Sam Raimi wanted to make the MCU a little “Strange”-r.
The “Evil Dead” and “Spider-Man” director explained during the commentary track of “Doctor Strange in the Multiverse of Madness” that he had to convince Marvel Studios president Kevin Feige to include a particularly quirky sequence involving Doctor Strange (Benedict Cumberbatch) and Baron Mordo (Chiwetel Ejiofor). The adversaries have a staredown, with close-ups of their eyes darting back and forth, á la Raimi’s “The Quick and the Dead,” but Feige was skeptical over the silliness of the sequence.
“I think Kevin thought maybe it was a little corny, and he wanted to cut it out,” Raimi said, via Comic Book Resources. “But I said, ‘Please, Kevin, let me have that.’ He went, ‘Okay, fine. Have your corny stuff.’ It was very, very kind of him.”
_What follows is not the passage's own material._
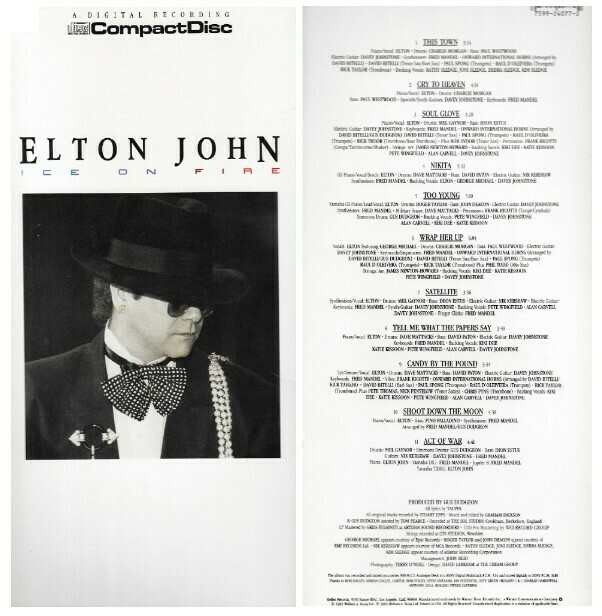 John, Elton / Ice On Fire | Geffen 24077 | November 1985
It’s no wonder that Raimi is already eying his next Marvel film, with the director previously calling the MCU the “world’s best toy box.”
Meanwhile, “Doctor Strange in the Multiverse of Madness” writer Michael Waldron has openly discussed wanting the “Doctor Strange” sequel to feel distinctly like a Raimi film, even without the director penning the script.
“It was always kind of designed that way, that like the first half or so, maybe is a little bit more of a traditional Marvel movie, and then the movie goes off the rails, as great horror movies maybe tend to,” Waldron exclusively told IndieWire. “We tried to deliver on the shock, some of the camp, and some of the stuff that Sam is just so great at. I just became a student of his filmmaking and really learned so much from him and tried to give him something he could succeed with, he and our great cast.”
Waldron continued, “I felt a lot of freedom to go crazy in this movie because it was Sam, and because I know what he’s so great at and he would do it so well. I just gave him the building blocks and some of the specifics of how that stuff goes down, [but it] was straight out of his twisted mind.”
And even Waldron was surprised at what ultimately made it into the film: “It felt like the biggest swing I could possibly take in my first draft and almost the sort of thing of like, ‘Alright, first draft, you can really fire all your bullets and they’ll tell you to pull back and then shockingly, maybe it makes its way in the movie,’” Waldron explained. “I don’t even think in my wildest dreams, even in that first draft, where it’s like, do the craziest stuff possible, did I think we’d be able to do what we ended up doing in the movie. I think what we actually pulled off is crazier than what seemed possible.”